Now, let's look together in Isaiah chapter 53 and verse 3. "He is despised and rejected by men, a Man of sorrows and acquainted with grief. And we hid, as it were, or faces from Him; He was despised, and we did not esteem Him". John 1, verse 11 says that Jesus "came unto His own, and His own received Him not". Try getting your mind around that. He created the universe. He's responsible for every single life that has ever been lived. His power upholds every living soul. And yet when He came to the earth, those He created especially to be saved, despised Him and rejected Him. Would a person really do that? Here was Jesus coming to the earth to give life, and yet people rejected Him and chose death.

Let me ask you: What are you choosing? Isaiah chapter 53 and verse 4 says, "Surely He has borne our griefs and carried our sorrows; yet we esteemed Him stricken, smitten by God, and afflicted". That's what Jesus came to the earth to do: to bear your griefs and carry your sorrows. Think about that. What does that suggest? What kind of God does that speak of? It reminds me of Isaiah 66:13, which says, "As one whom his mother comforts, so I will comfort you". What a picture. As tender as a mother's comfort is the comfort of God. You can lean on Him. You can fall into His arms. When you need comfort, God says, "I'll comfort you". Jesus said, "Come to me, all ye that labor and are heavy laden, and I will give you rest".

That's Matthew 11, verse 28. Are you getting the picture here? All this talk you hear about God being cruel and unkind and hard, you want to forget that as quickly as possible. The God of heaven bears your griefs and carries your sorrows. It was in His suffering and death that we saw Jesus stricken, smitten, and afflicted as Isaiah described. "Likewise the chief priests also, mocking with the scribes and elders, said, 'He saved others; Himself He cannot save. If He is the king of Israel, let Him now come down from the cross, and we will believe Him. He trusted in God; let Him deliver Him now if He will have Him; for He said, "I am the Son of God".'"

That's Matthew 27:41-43. David forecast this when he wrote in Psalm 22, "All [those who] see me laugh me to scorn: they shoot out the lip, they shake the head, saying, 'He trusted in the Lord, let Him rescue Him; let Him deliver Him, since He delights in Him!'" Psalm 22, verses 7 and 8. The Bible says that "the wages of sin is death". Sin separates from God, and because we've chosen sin, death is our lot. We have earned it. But Jesus, thank God, Jesus wouldn't leave it at that. He did all He could to deliver us from death.

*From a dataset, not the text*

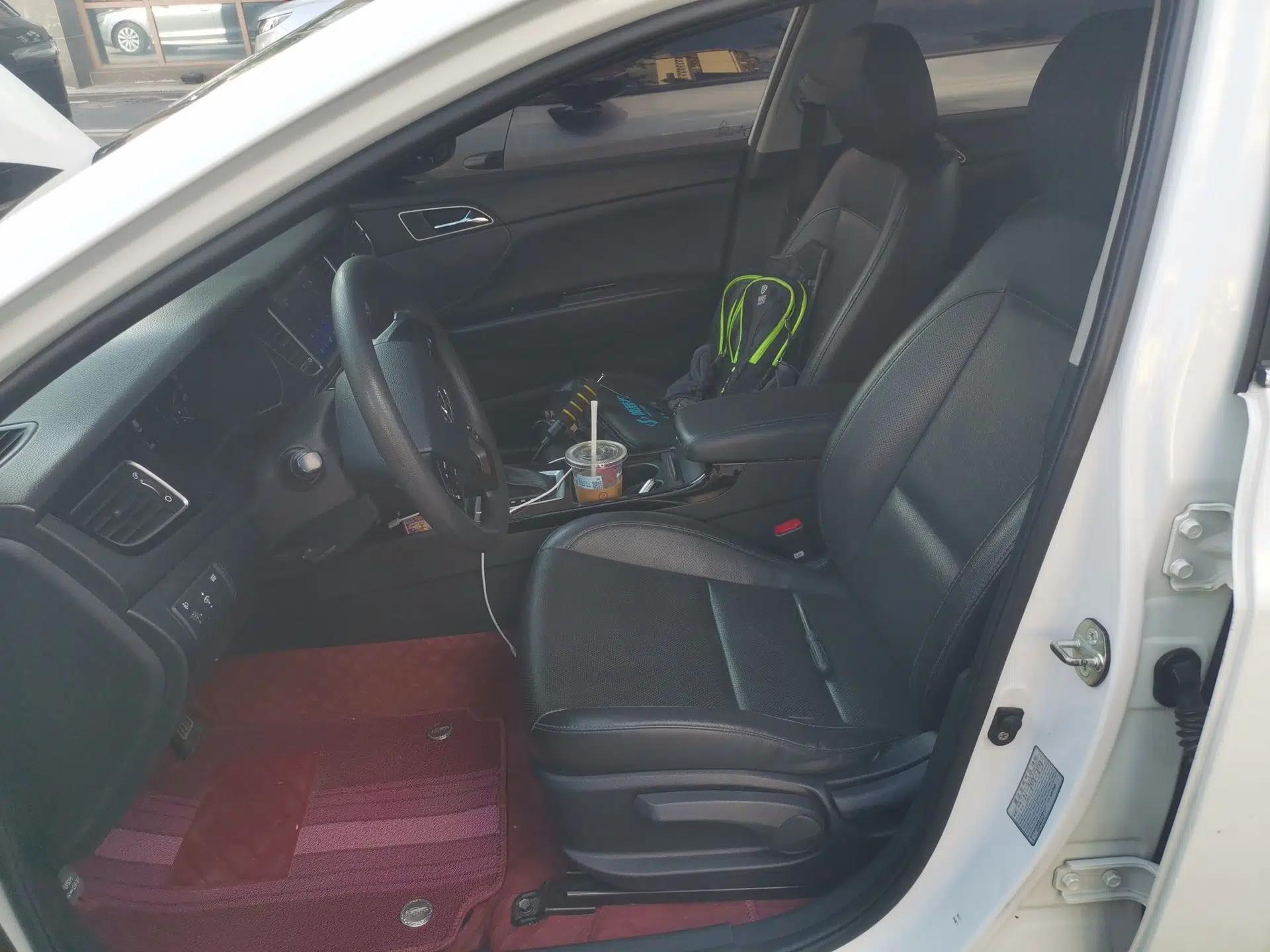 Hyundai Mistra 2014 1.8L Automatic Smart GLS — миниатюра 15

"But He was wounded for our transgressions, He was bruised for our iniquities; the chastisement for our peace was upon Him, and by His stripes we are healed. All we like sheep have gone astray; we have turned, every one, to his own way; and the Lord has laid on Him the iniquity of us all". Those are verses 5 and 6. Paul wrote that "all have sinned and come short of the glory of God". We rebelled, we sinned, we deserve to be separated from God forever, and yet He was wounded for our transgressions when He died on the cross. It's by His stripes that we're healed, through His death that we have life.

Paul wrote in 1 Corinthians 15, verse 3, "Christ died for our sins". Where Isaiah writes, "By His stripes we are healed," you see a clear prediction of the kind of punishment that Jesus would suffer when He was scourged by the Romans before Pontius Pilate. I imagine there are times you look at the, the sin in your life, the rottenness in your own heart. Often people do that, and they'll say, "How can somebody like me be saved? How can I possibly be forgiven"? Well, here's your answer. Jesus died so that you could live. When you couldn't save yourself, Jesus said, "I'll save you". No, we don't deserve it, but God offers us everlasting life all the same, freely. He saves us. "By His stripes we are healed". I'll be back with more in a moment.

Thanks for joining me today on It Is Written. Isaiah chapter 53 is truly one of the great chapters of the Bible. It tells the story of the death of Christ Jesus for sinners. It's the gospel story beautifully told by the one often referred to as the gospel prophet. The chapter tells us that Jesus died as humanity's substitute. He took the penalty of sin for every person. The New Testament speaks of how this prophecy was fulfilled. Remember, God told Adam and Eve in the Garden of Eden that if they ate the forbidden fruit, they would die. So why didn't they die that very day? Because Jesus stepped in and said, "I will die instead".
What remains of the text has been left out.